Work required - Copy, exactly and without additions, every line in the records below from the one holding "Wallity Kissenhülle in Grau/ Beige/ Creme" through the one holding "Produktbild Kein Geräusch", both ends included.

Data under study -
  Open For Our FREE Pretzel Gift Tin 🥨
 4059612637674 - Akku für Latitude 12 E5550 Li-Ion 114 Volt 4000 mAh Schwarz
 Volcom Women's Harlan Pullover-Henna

* * *

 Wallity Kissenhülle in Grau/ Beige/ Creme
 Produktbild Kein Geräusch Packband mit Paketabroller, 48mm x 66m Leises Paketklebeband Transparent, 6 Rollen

---

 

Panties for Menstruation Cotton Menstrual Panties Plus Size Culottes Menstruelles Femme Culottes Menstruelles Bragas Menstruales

Response -
 Wallity Kissenhülle in Grau/ Beige/ Creme
 Produktbild Kein Geräusch Packband mit Paketabroller, 48mm x 66m Leises Paketklebeband Transparent, 6 Rollen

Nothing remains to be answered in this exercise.